Exercise. An exact repetition of the data is required; no picture should appear in it.

Supplied information.

= Beginning of Section =

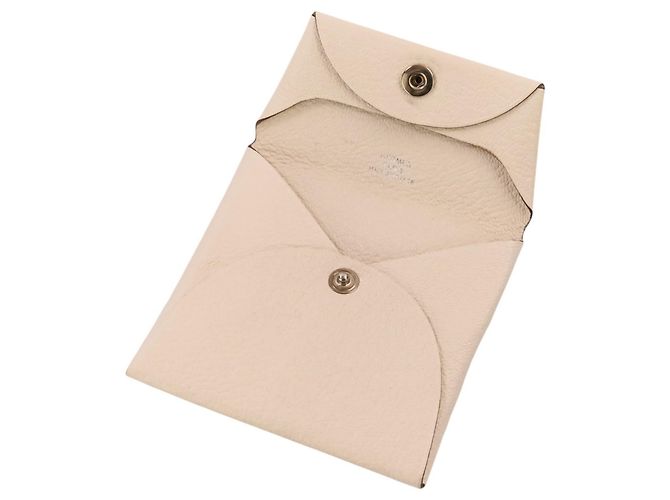 Hermès Monedero HERMES Bastia de piel Chevre Beige - vista 5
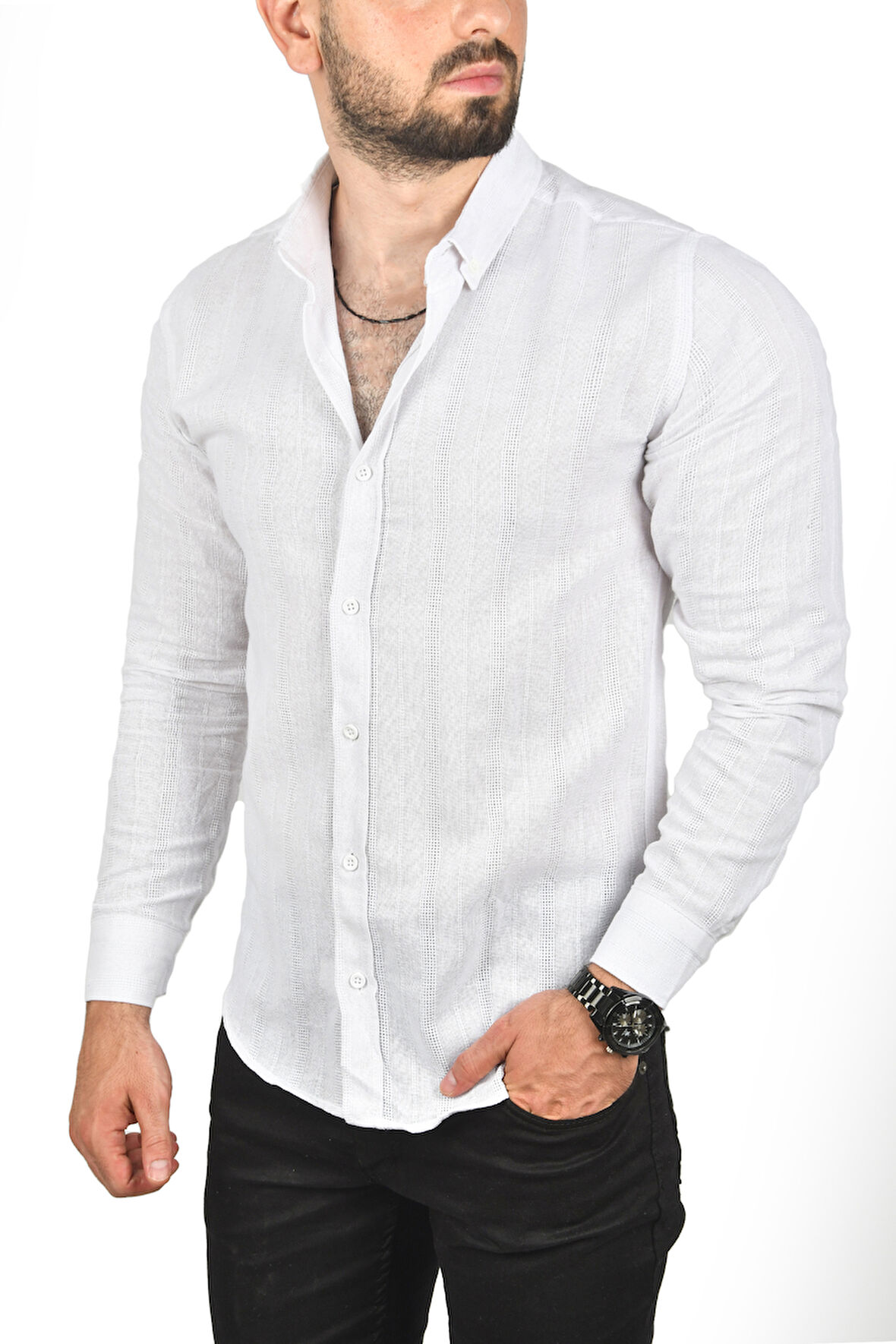 DeepSEA Erkek Beyaz Slim Fit %100 Pamuk Keten Gömlek Dar Kesim Dokulu Keten Gömlek 2501301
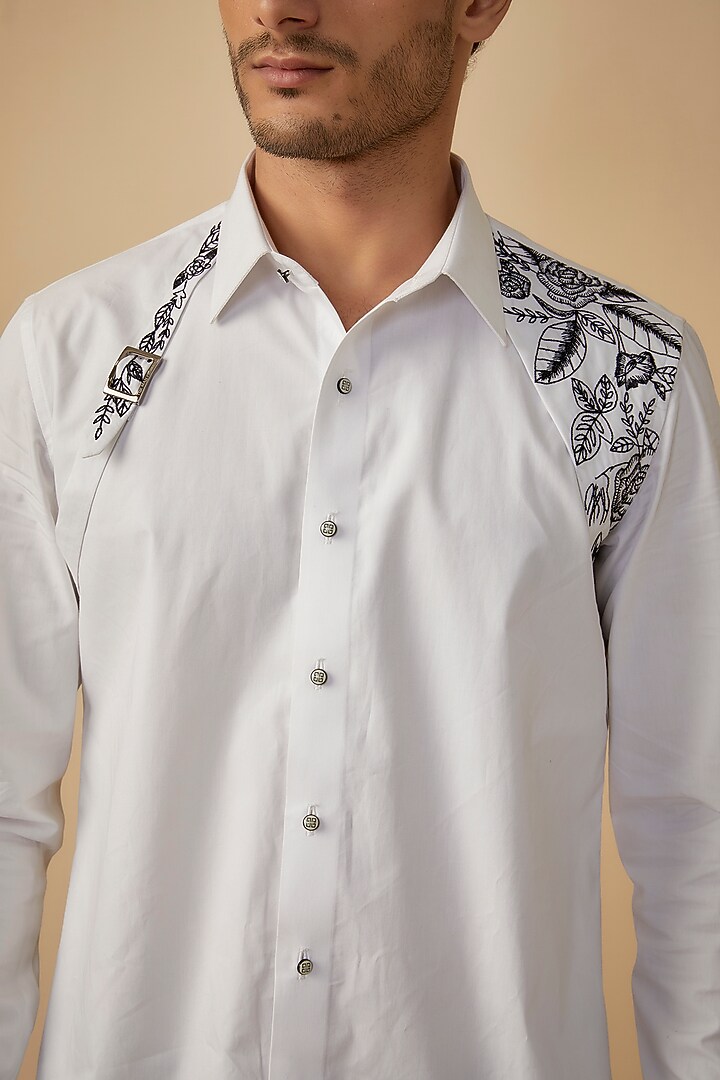 White Giza Cotton Thread Embroidered Party Wear Shirt by The Man Project at Pernia's Pop Up Shop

= End of Section =

Answer section.
 Hermès Monedero HERMES Bastia de piel Chevre Beige - vista 5
 DeepSEA Erkek Beyaz Slim Fit %100 Pamuk Keten Gömlek Dar Kesim Dokulu Keten Gömlek 2501301
 White Giza Cotton Thread Embroidered Party Wear Shirt by The Man Project at Pernia's Pop Up Shop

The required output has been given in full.